The CO2 enters a pipeline, where it is transported for storage in a geological formation or utilized for value-added resource recovery. Formations where CO2 is injected are at least one kilometre underground, beneath several layers of non-permeable caprock. The formation may be a deep brine formation or a depleted oil and gas well, an underground coal seam, or an existing oil reservoir. Each formation will have undergone a detailed geological characterization. As with other similar industrial practices, companies model the expected behaviour of the CO2 and undertake surface and subsurface monitoring to verify that the CO2 is behaving as predicted.

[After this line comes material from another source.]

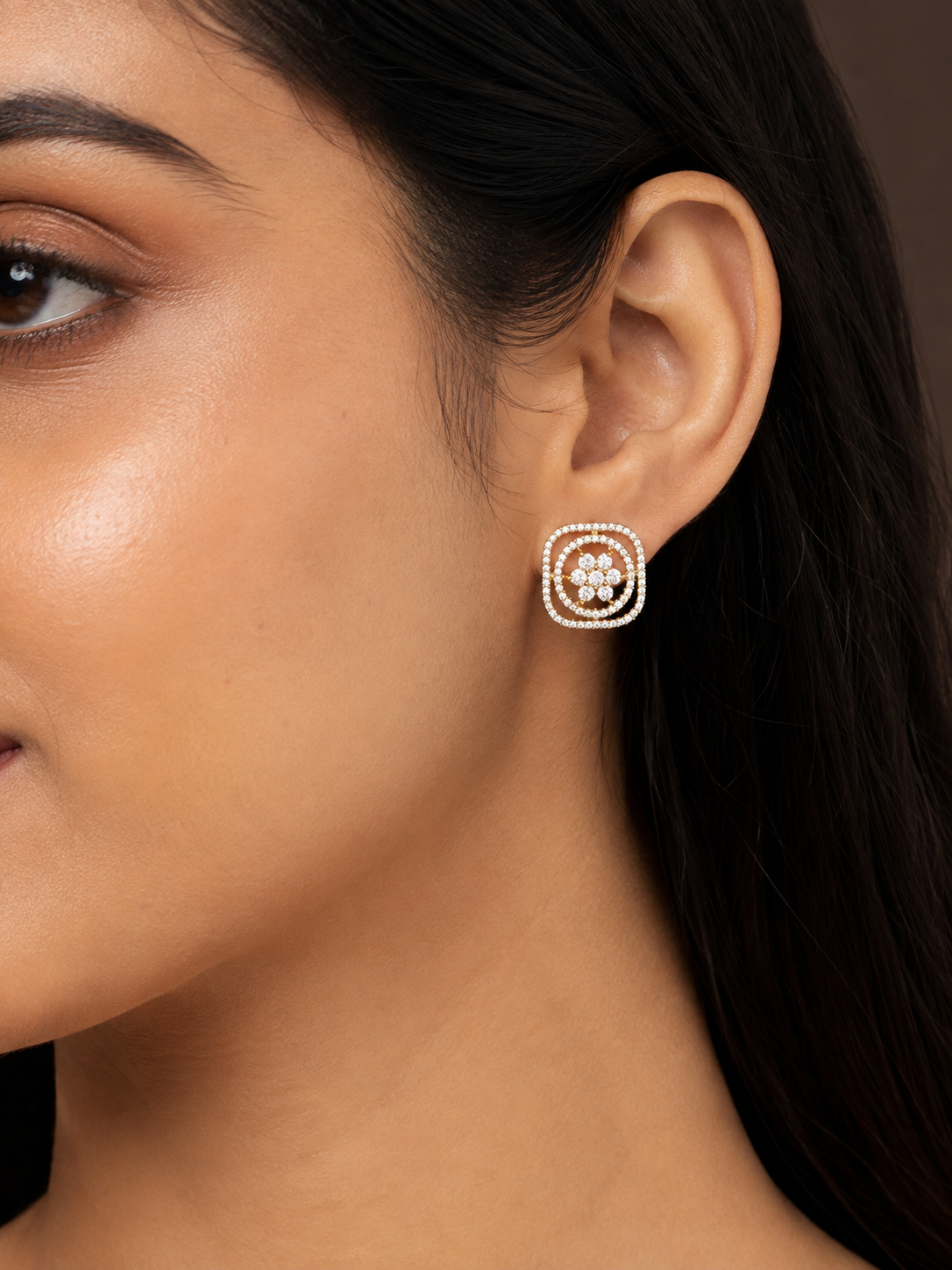 Double Frame Floral Stud Earrings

It is important to recognize that in addition to the technological issues related to CCS, there are a variety of important socio-economic factors that must be taken into consideration, including public and stakeholder perspectives and financial and economic analysis, all of which can be as important to a project as the technical details.
Canada has built its leadership in CCS literally from the ground up. Recognizing that one can't import geology, Canada has based its leadership on the country's significant geological endowment. The western Canadian sedimentary basin, spanning the four western provinces, is truly a world-class location for CO2 storage. The same geological forces that have provided Canada with vast amounts of oil and natural gas and coal also provide value-added opportunities for using CO2 as well as for storing it in a safe and permanent manner. Our geological expertise around CO2 storage and other similar applications is sought out from around the world, with our experts collaborating with leading international organizations in advancing CCS technologies.

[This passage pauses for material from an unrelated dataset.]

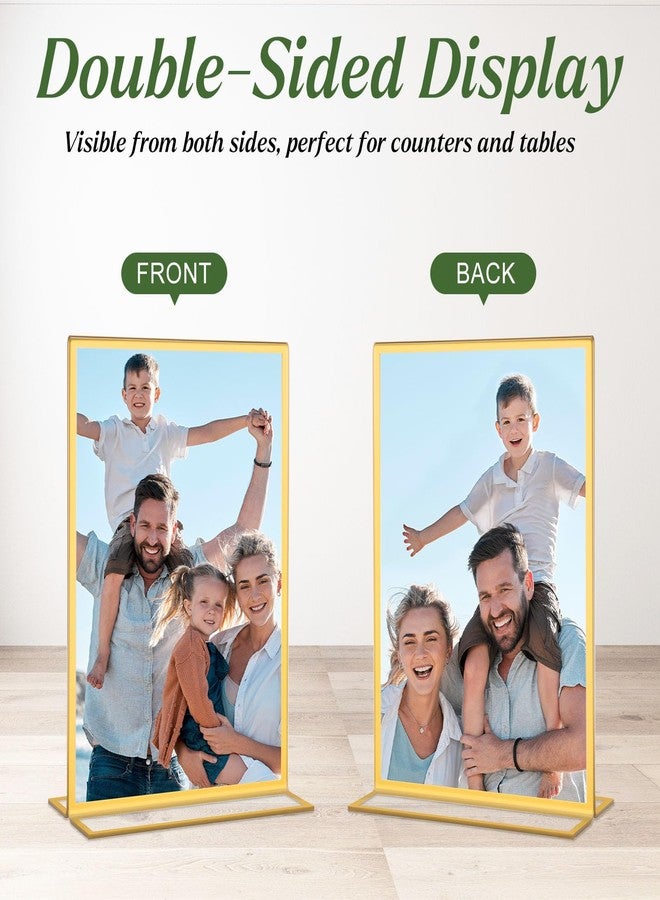 Alffun 20 Pack Gold Acrylic Sign Holders 5x7 Inch, Double Sided Vertical Stand Clear Picture Frames, Table Menu Display Holders for Wedding Table Numbers, Restaurant Signs, Event and Office Photos - Image 5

Our leadership is also a reflection of the extensive regulatory framework that has been established to manage oil and gas development in Alberta. Because Alberta has had the foresight to develop regulatory expectations related to applications such as CO2 enhanced oil recovery and acid gas injection, the province has been able to move forward in a clear and logical manner in the regulation of future CCS projects. Alberta's CCS regulatory framework assessment process, which will soon be delivering recommendations back to government, is providing leadership to other jurisdictions from around the world that are now starting to advance their own CCS projects. As well, Alberta experts have made contributions to a new CCS standard recently developed through the Canadian Standards Association.
Alberta's leadership comes from the collaborative approach the province has taken in engaging industry, the academic sector, and government. This approach has been used by organizations such as Carbon Management Canada, which pulls together 27 research institutions from across Canada to pursue interdisciplinary research related to CCS.
Much of our focus is on key industry sectors, such as oil sands producers searching for carbon management solutions. While the costs of CCS technologies will be higher in the oil sands sector due to the dilute nature of much of its CO2 emissions, reducing capture costs will result in an acceleration of the deployment of CCS technology in this sector.
Where should we focus our efforts? With respect to CCS, the issue is not necessarily one of research but of accelerating commercial deployment of integrated CCS systems to reduce costs for greater economy of scale deployment. Globally this has been challenging, as the focus has been on integrating CCS into the coal-based power generation sector, a typically risk-averse sector. The situation is further complicated in North America, where low-cost natural gas resources have deferred investment in CCS demonstration projects.
Since 2008 there has been a global effort to acquire practical experience with CCS through commercial or near-commercial demonstrations. In Alberta, the Quest project at the Shell Scotford upgrader and the Alberta Carbon Trunk Line that will take CO2 from the proposed North West upgrader in Fort Saskatchewan are being closely watched. In Saskatchewan, the Weyburn CO2 EOR project has been a leading example of CO2 injection for over a decade, and the proposed aquastore project will allow for CO2 capture and storage associated with SaskPower’s coal-fired power generation facility at Boundary Dam.
CO2 capture costs remain significantly higher than costs of CO2 compliance. For example, while Alberta has a CO2 charge of $15 per tonne for CO2 emissions above regulated levels, the cost to implement CCS at an in situ oil sands project may be more than $150 per tonne of CO2. I put together a chart that's prepared by Alberta’s CCS Development Council, which shows the gap between CCS costs and the benefits of action, including avoided compliance costs and the sale of CO2 for value-added activities.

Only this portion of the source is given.